◆ INSTRUCTIONS FOR THE TASK ◆
Skip the pictures and restate, word for word, the lines from the one containing "Bula Baby Insulated" to the end of the data below.

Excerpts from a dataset
BEGIN

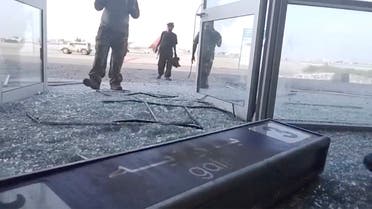  Glass and debris covers the damaged portion of the airport in Yemenâ€™s southern city of Aden after an explosion, Wednesday, Dec. 30, 2020. The blast struck the airport building shortly after a plane carrying the newly formed Cabinet landed on Wednesday. No one on the government plane was hurt. (AP Photo)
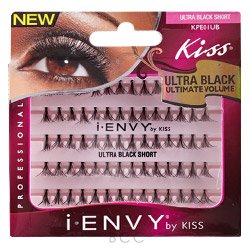 Kiss I Envy Ultra Black Short Lashes - Dramatic Volume & Length, Perfect For Any Occasion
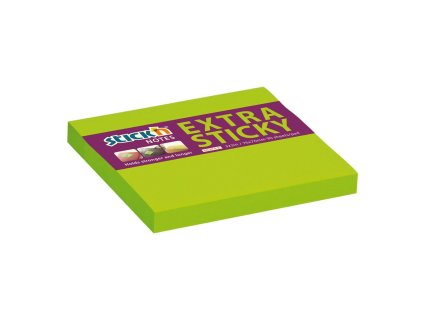 Samolepiaci bloček Stick’n Hopax, 76x76 mm, neónovo zelený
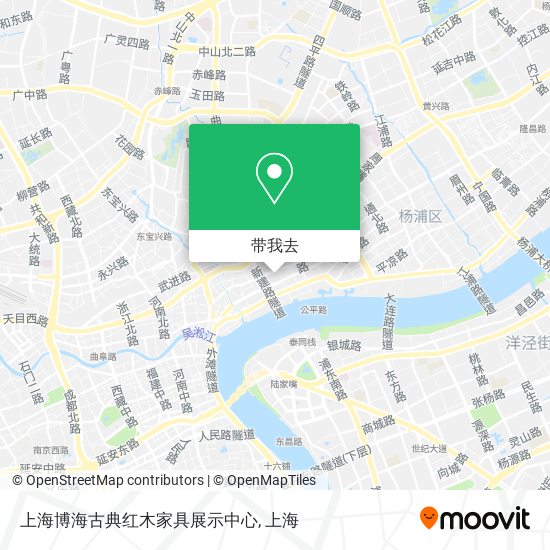 上海博海古典红木家具展示中心地图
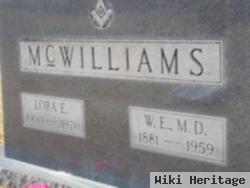 Dr Wiley Everett Mcwilliams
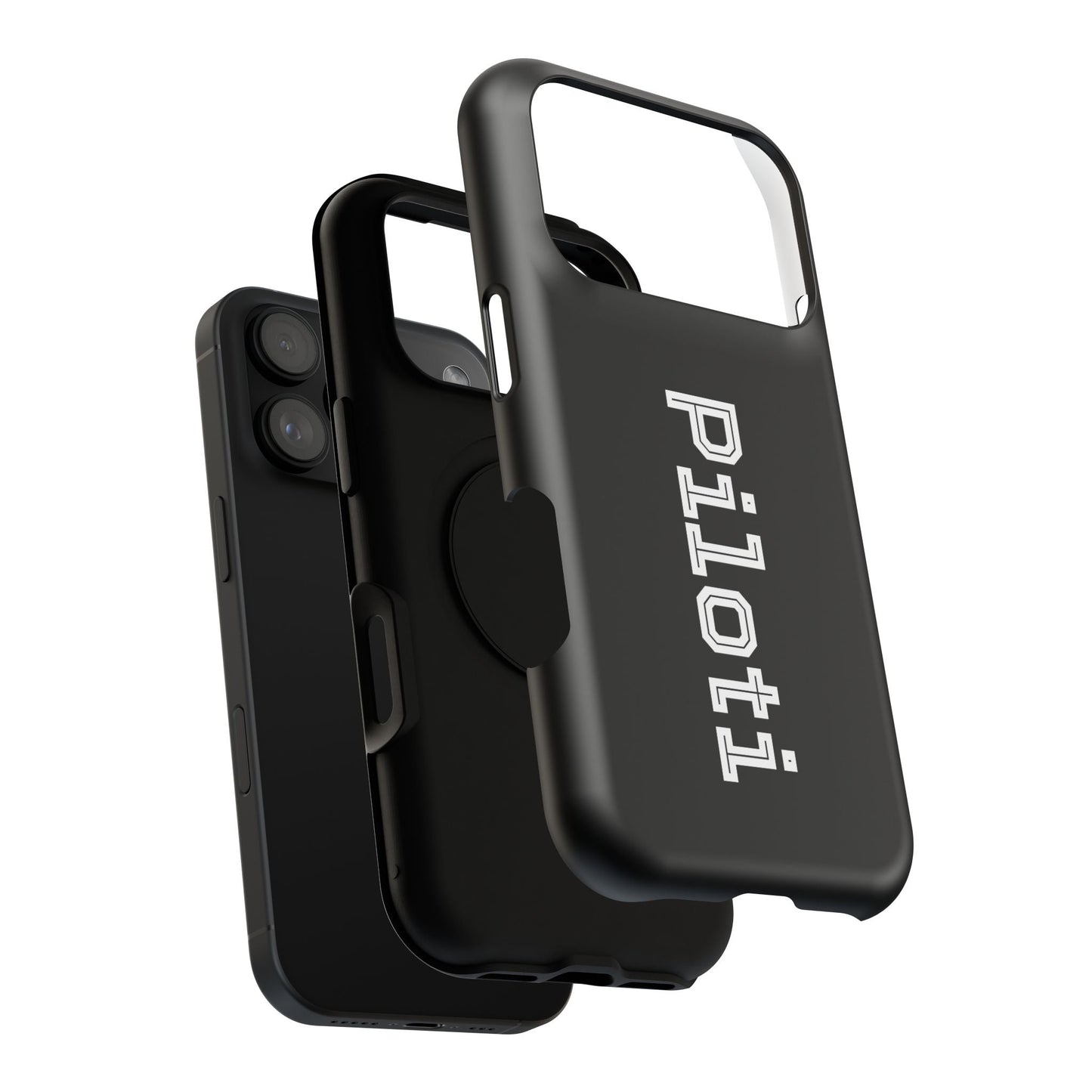 Impact-Resistant Smartphone Cases in black Printify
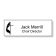United Methodist Engraved Rectangle Name Tag 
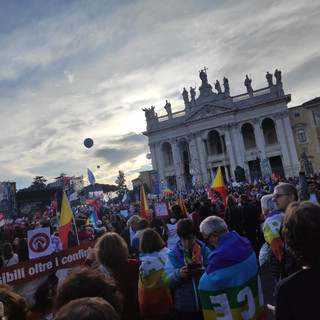 Anche Cgil Savona a Roma per chiedere la pace: &quot;Alzare la voce contro la sordità della guerra&quot; (FOTO)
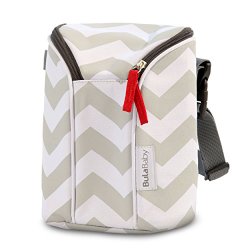 Bula Baby Insulated 2 Bottle Tote Bags – Keep Baby Bottles Warm or Cool – Chevron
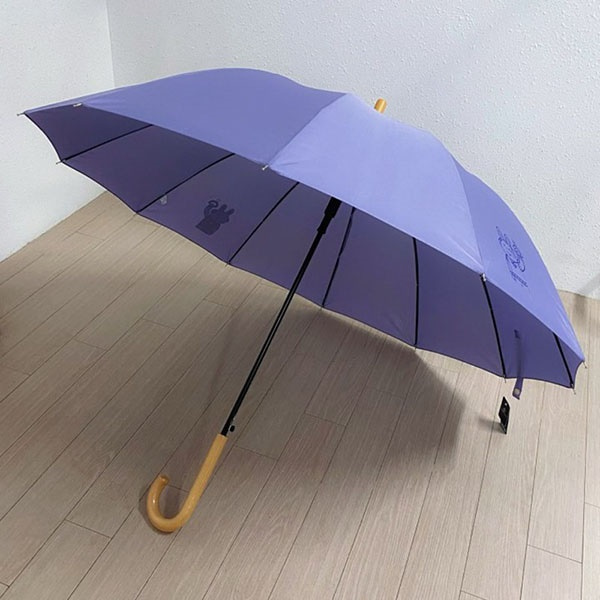 [애슬릿] 캐릭터 우드 핸들 튼튼한 장마 장우산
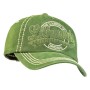 Green denim cap "Lithuania Country of Original"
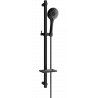 Mexen DQ74 sliding shower set, Black - 785744581-70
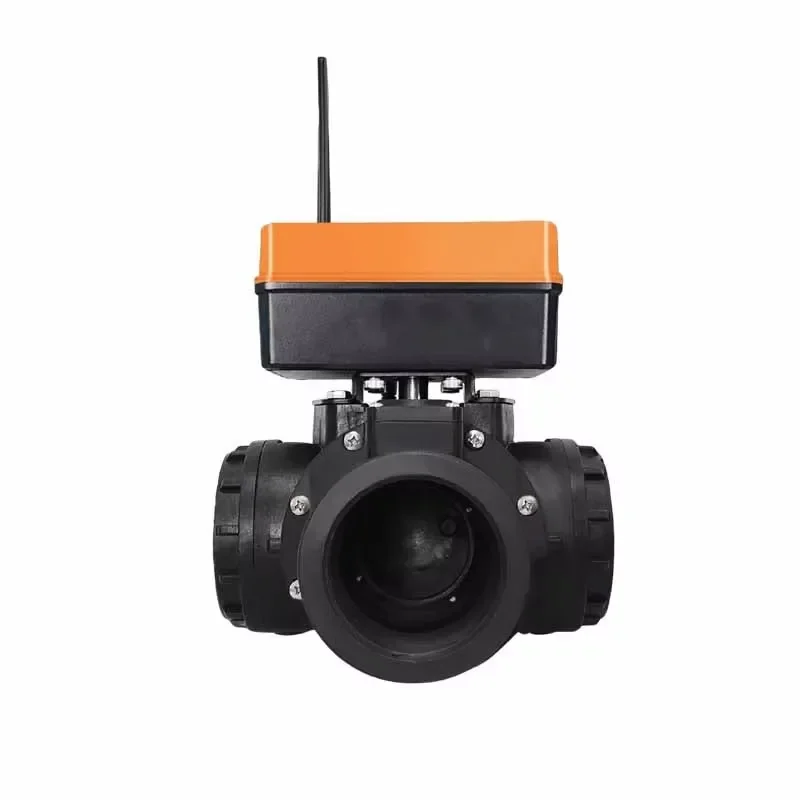 i DaringFish Intelligent Electric 4G Valve Control System One Two Actuator 3-Way Plastic Agricultural Irrigation Direct Flow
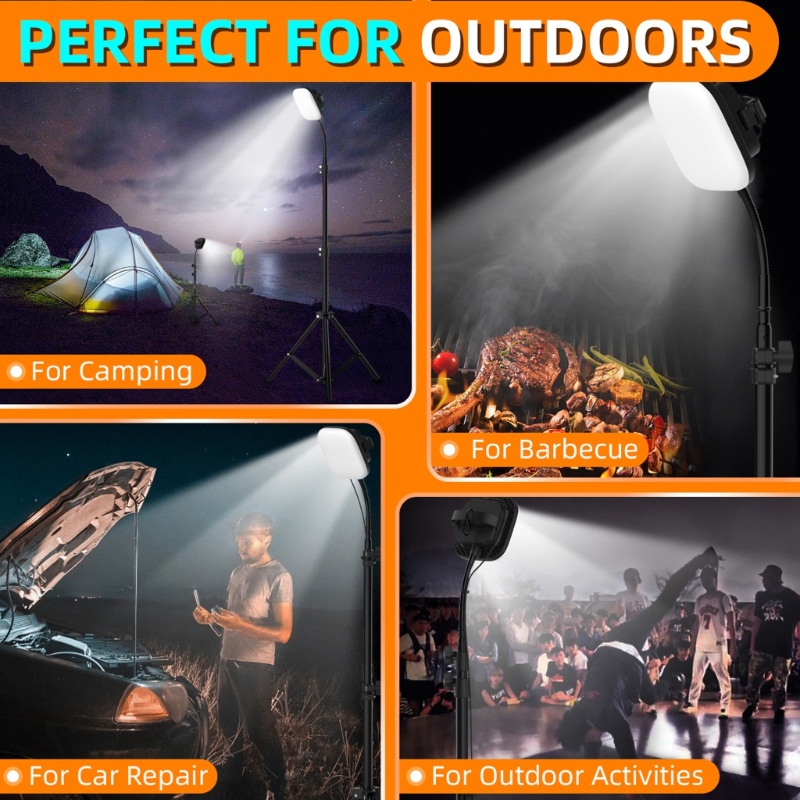 Đèn Led Cắm Trại 1200 Lumens Có Chân Tripod Tiện Dụng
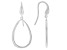 Sterling Silver Pear Shaped Dangle Earrings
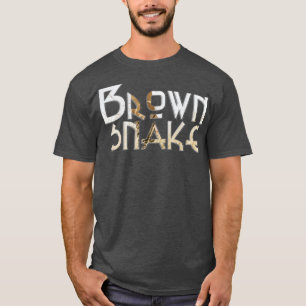 T-shirt serpent Brown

END

◆ YOUR SOLUTION ◆
 Bula Baby Insulated 2 Bottle Tote Bags – Keep Baby Bottles Warm or Cool – Chevron
 [애슬릿] 캐릭터 우드 핸들 튼튼한 장마 장우산
 Green denim cap "Lithuania Country of Original"
 Mexen DQ74 sliding shower set, Black - 785744581-70
 i DaringFish Intelligent Electric 4G Valve Control System One Two Actuator 3-Way Plastic Agricultural Irrigation Direct Flow
 Đèn Led Cắm Trại 1200 Lumens Có Chân Tripod Tiện Dụng
 Sterling Silver Pear Shaped Dangle Earrings
 T-shirt serpent Brown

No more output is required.